アマデウスのAnima48のレビュー・感想・評価

アマデウス(1984年製作の映画)
4.3
運動神経やセンスとかでどうしても敵わない相手との差に出会うと、理不尽さ・絶望感で身動きがとれなくなることってあるたまにある。相手を越えないと次に進めないと思い込んでしまうとか、努力で追いつけない不甲斐なさから自己嫌悪したりとか。もしも自分が自分であるために必要な分野なら諦める訳にも行かないし。

サリエリの煮詰まり具合や苦しさが切なくて、哀しくて。ちょっと自分をみているようだった。

さらに酷いことに天才の才能を愛せるセンスを持っている。モーツァルトの楽曲の素晴らしさを語るサリエリの表情の少し恍惚というのだろうか?そういう表情が素敵だった。でもモーツァルトの保護者や愛する人達は彼の才能や作品の価値をきちんと理解できてはいない。そして彼女達はモーツァルトを守る為に下品な手までも使ってしまう。この時点ではサリエリの冷たい目線は意味もわからずモーツァルトの周囲を右往左往する大衆にも向けられていたような気もする。

それ以上に悲劇なのは純粋に共同作業を楽しめてしまう。もっとも憎らしい相手を愛してしまうというのはなんて残酷なんだろう。そして”いい人だったんだ、ありがとう!”と感謝までされる。あの場面には、嫉妬、愛、感謝、連帯、裏切り…全ての感情があった。

終盤は才能を与えてくれなかった神への想いの届かなさが、モーツァルトへの嫉妬心をも上回っていたように見えた。全てを捧げた神は、自分に優れた才能を与えてくれた筈なのに、何故罰当たりで下劣な男に最高の才能を与えたのだろう?凡人の罪を赦そうっていう台詞がすごく心に残る。

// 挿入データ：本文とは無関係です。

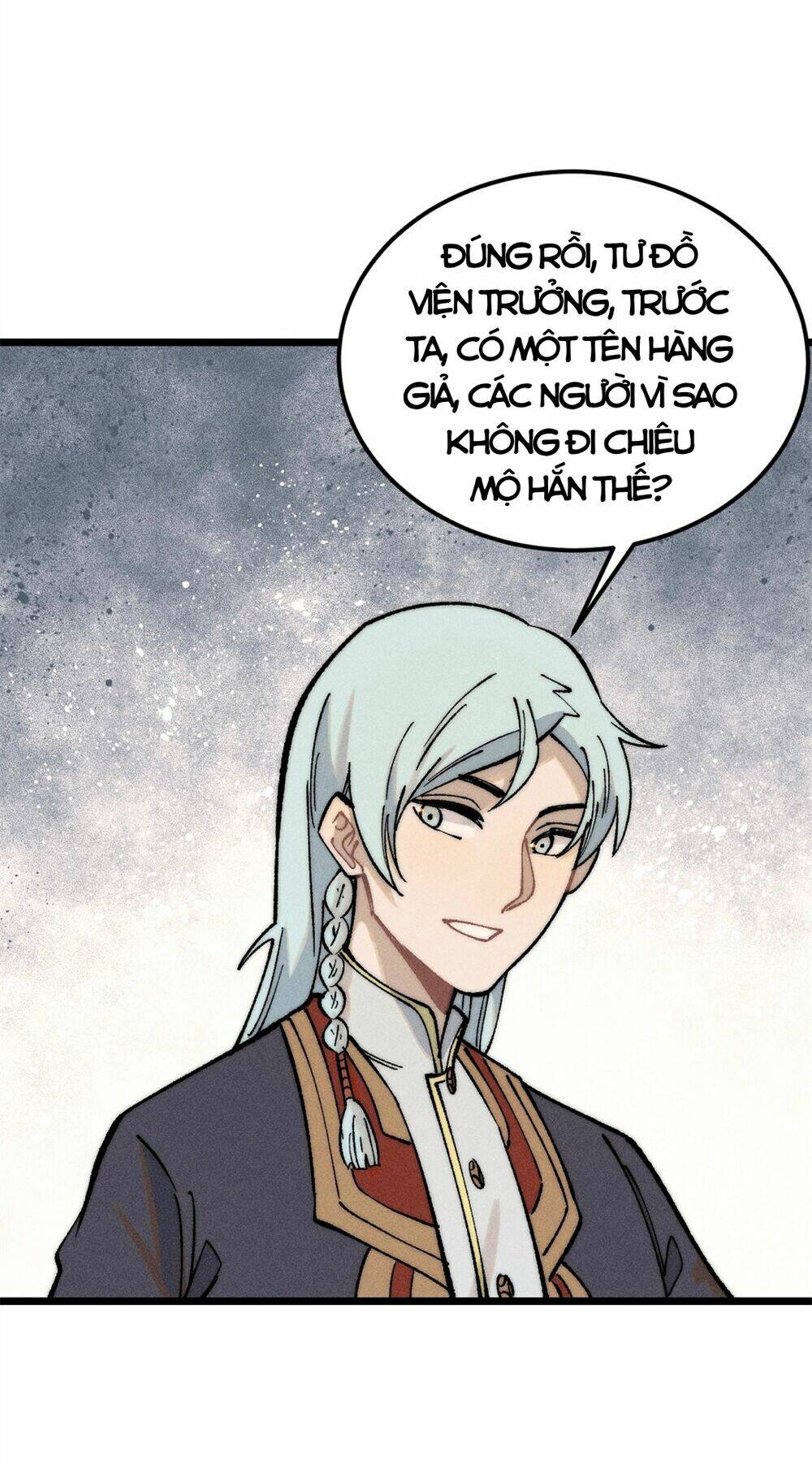 Vạn Cổ Tối Cường Tông - Chapter 265 - Page 45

そんなサリエリは、モーツァルトの死後も生き続け、晩年に正気を無くしたかのようになっている。その時間の流れの中でもモーツァルトの作った曲たちはたくさんの人達に聴かれ、演奏され、何よりも愛されている。反対にサリエリの曲はあまり知名度がなくて、現在に至っては知る人もあまりいない。宮廷の筆頭音楽家の彼がモーツァルトの曲と自分の曲が辿る運命を晩年まで眺め続けていたとしたら、罰を受け続けているようなもので、蒙昧なあの境地は漸く辿り着いた小康状態なのかも知れない、それでもあの笑い声は彼を逝かしてはくれない。

才能がある人への嫉妬や崇拝って本当に罪なのかも知れない。…本当に赦してほしい。